A política da arte nasce, então, na medida em que provoca uma clivagem na economia sensível das competências sociais: quem deve encerrar-se no mundo privado do trabalho, sem tempo para deliberar sobre o bem comum, e quem deve possuir tempo suficiente para se dedicar à deliberação na polis?

O Artista de Borges perde, me parece, quando a subida ao morro é antecipadamente positivada por aplausos. Mas ganha quando não se pode saber o que há do lado de lá do morro. Que haja pobreza material, nós podemos imaginar. Mas não podemos saber o que o artista fará de seu encontro com o lado de lá. São esses pares ou multiplicidades de vetores que não se fecham, embora tendam à síntese, que dão ao filme uma política da arte interessante.   

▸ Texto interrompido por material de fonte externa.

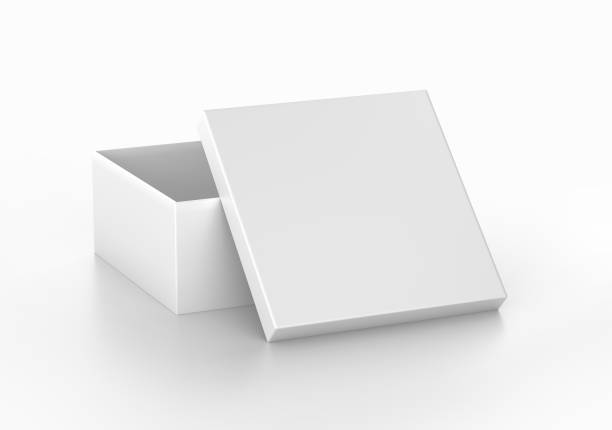 istock Black Square Box Mockup, Dark Cardboard Container 3d rendering isolated on light background 1320837171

É esta carga de possível, de suspensão da síntese, de manutenção da tensão dialética que me interessa. É o rasgo sensível que o artista provoca no meio do tecido social que pode abrir, me parece, o caminho para uma política da arte consistente. Pois a justeza do cinema (e da arte) está no seu poder de embaçar a fronteira entre os que olham e os que agem, os que trabalham e os que pensam, os que governam e os que são governados. E mais, sua consistência política provém sobretudo de suas invenções estéticas, não necessariamente de uma proximidade social. Pois algumas distâncias podem ser politicamente mais radicais que algumas proximidades. 

Por isso gostaríamos de fazer um retorno  a’O Artista e, a partir da distância que nos separa, re-apresentar as possibilidades daquilo que foi. Pois o retorno restitui ao passado aquilo que poderia ter sido, tornando-o possível novamente. É o sentido transformador desta experiência de abertura e restituição do passado que Walter Benjamin via na memória. A memória como possibilidade de transformar o real em possível e o possível em real. 

A meta-arte d’O Artista, depois de certa distância temporal, nos permite rememorar o paradoxo do artista que se vê obrigado a dar respostas às urgências de seu tempo e ao mesmo tempo produzir objetos estéticos. É esse tipo de paradoxo que nos instiga a seguir em frente, com O Artista, abertos ao porvir.  

Notas:

  1. Este texto foi escrito originalmente – por volta de 21/06/2021 – por razões práticas: abrir um diálogo com Luiz Carlos Borges sobre a possibilidade de uma refilmagem (releitura) de O artista (1967), filme de sua autoria.
  2. BORGES. Luiz Carlos Ribeiro. Assembléia de Micröbios & Eurico o Mordomo. Campinas. Texto e Textura. 2016. p. 53.
  3. GALVÃO. Maria Rita. Burguesia e Cinema: o caso Vera Cruz. Rio de Janeiro. Civilização Brasileira. 1981. p. 202.
  4. Ibid. 202.
  5. Ibid. 205.
  6. ALMEIDA. Natasha Hernandez. Dissertação de Mestrado. São Carlos. 2013. https://repositorio.ufscar.br/bitstream/handle/ufscar/5608/5137.pdf?sequence=1&isAllowed=y 
  7. BURCH. Noel. Práxis do Cinema. São Paulo. Editora Perspectiva. 2011.
  8. Ver RANCIÉRE, Jacques. A partilha do sensível. Estética e Política. Editora 34. São Paulo. 2018.